Blog d'étude critique et académique du fait maçonnique, complémentaire de la revue du même nom. Envisage la Franc-Maçonnerie comme un univers culturel dont l’étude nécessite d’employer les outils des sciences humaines, de procéder à une nette séparation du réel et du légendaire et de procéder à la prise en compte de ce légendaire comme un fait social et historique.

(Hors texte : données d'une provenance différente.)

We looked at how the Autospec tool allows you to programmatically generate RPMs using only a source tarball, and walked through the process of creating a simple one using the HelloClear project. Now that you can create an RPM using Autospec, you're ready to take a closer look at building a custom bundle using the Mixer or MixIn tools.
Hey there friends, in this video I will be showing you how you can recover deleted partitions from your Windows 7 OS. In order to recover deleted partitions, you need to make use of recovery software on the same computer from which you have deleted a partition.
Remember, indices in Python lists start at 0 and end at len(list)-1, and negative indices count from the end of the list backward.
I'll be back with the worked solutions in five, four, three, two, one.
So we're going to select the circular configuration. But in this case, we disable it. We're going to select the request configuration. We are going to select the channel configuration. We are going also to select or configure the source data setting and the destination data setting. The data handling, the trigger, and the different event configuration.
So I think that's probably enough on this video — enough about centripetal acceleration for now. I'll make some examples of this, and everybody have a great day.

Jean-Pierre Bacot et Jean-Luc Buard
Les cartes à jouer, sont nées en Chine au Xe siècle, voire avant, et elles sont apparues en Occident au XIVe siècle, nous disent les historiens. Elles ont donné des centaines de variantes de jeu accompagnés ou non de mises d’argent, rectangles cartonnés décorés de chiffres et de personnages codifiés. Les œuvres qui en rendent compte ne manquent pas : « Brève histoire des cartes a jouer » par Thierry Depaulis (as.de.trefle.free.fr) ; Les Cartes à jouer du XIVe au XXe siècle de Henry-René d'Allemagne (Hachette, 1906) ; Le Jeu de carte de Jean-Pierre Seguin (Hermann, 1968) ; A history of playing cards and a bibliography of cards and gaming de Catherine Perry Hargrave (Dover publications, 2004, 1re édition, 1930).

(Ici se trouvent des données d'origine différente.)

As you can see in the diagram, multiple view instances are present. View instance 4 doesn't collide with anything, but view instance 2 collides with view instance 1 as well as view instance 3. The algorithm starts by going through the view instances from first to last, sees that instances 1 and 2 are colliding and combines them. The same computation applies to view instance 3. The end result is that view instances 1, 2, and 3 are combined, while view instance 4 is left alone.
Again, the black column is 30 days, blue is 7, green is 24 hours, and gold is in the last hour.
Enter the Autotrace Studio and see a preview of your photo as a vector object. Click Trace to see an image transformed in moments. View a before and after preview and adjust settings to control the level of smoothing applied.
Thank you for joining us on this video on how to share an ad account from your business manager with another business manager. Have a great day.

Il sera ici question d’un point de vue inédit, nous semble-t-il, partant du support du jeu de cartes lui-même dont le symbolisme ludique a dérivé au fil des temps. Depuis le jeu de hasard qu'il était à l'origine, il a migré vers d'autres types de divertissement, basés sur la même structure, mais dont les figures ont été complètement transformées. Cette histoire évolutive du jeu de cartes n'a que rarement été évoquée.

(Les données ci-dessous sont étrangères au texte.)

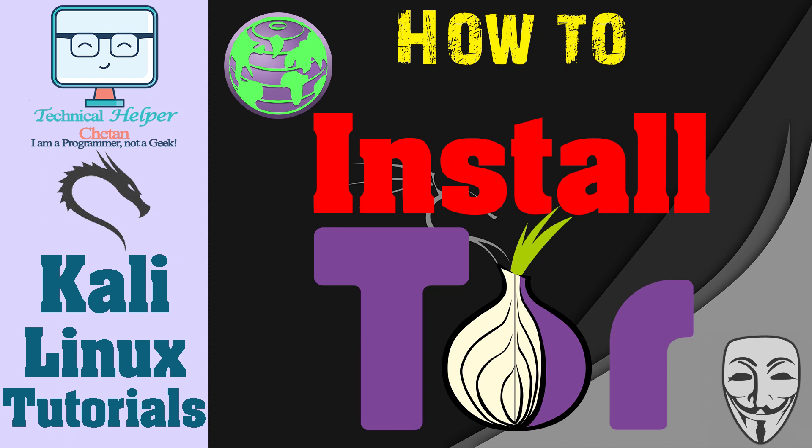In this video I show you how you can install Tor Browser in your Kali Linux machine. Let's start the Tor Browser installation process.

La carte à jouer est, en effet, devenue un support à de multiples usages, tout en conservant ses structures de base : il s’agit de reconstituer et d’opposer des « familles », c'est-à-dire des séries de valeurs progressives et de couleurs. Le support-carte est un modèle commode pour l'opération de base qui consiste à « battre » le jeu, c'est-à-dire à mélanger les figures et les couleurs, puis à les répartir au hasard entre des « joueurs » aux intérêts antagonistes. Cette structure de base immuable est le fondement de l'imaginaire de la carte à jouer. C'est celle qui va être déclinée de toutes les façons possibles au cours des siècles (surtout des XIXe et XXe), afin de créer des nouveaux jeux à partir de ce support. Certains de ces jeux ont une dimension supplémentaire, ils veulent être « instructifs », au sens où l’éditeur et écrivain Pierre-Jules Hetzel entendait le terme, accolé au « récréatif », ils sont un véhicule de connaissance singulier, assis sur l'imaginaire ludique et symbolique. Cette connaissance (instruction) profite et s'appuie explicitement sur une volonté récréative qui aide à la faire circuler. Ces jeux répondent donc parfaitement à la définition hetzélienne de l'imaginaire mis au service du savoir. C'est à cette catégorie de jeux sur laquelle nous souhaiterions nous attarder dans le présent article.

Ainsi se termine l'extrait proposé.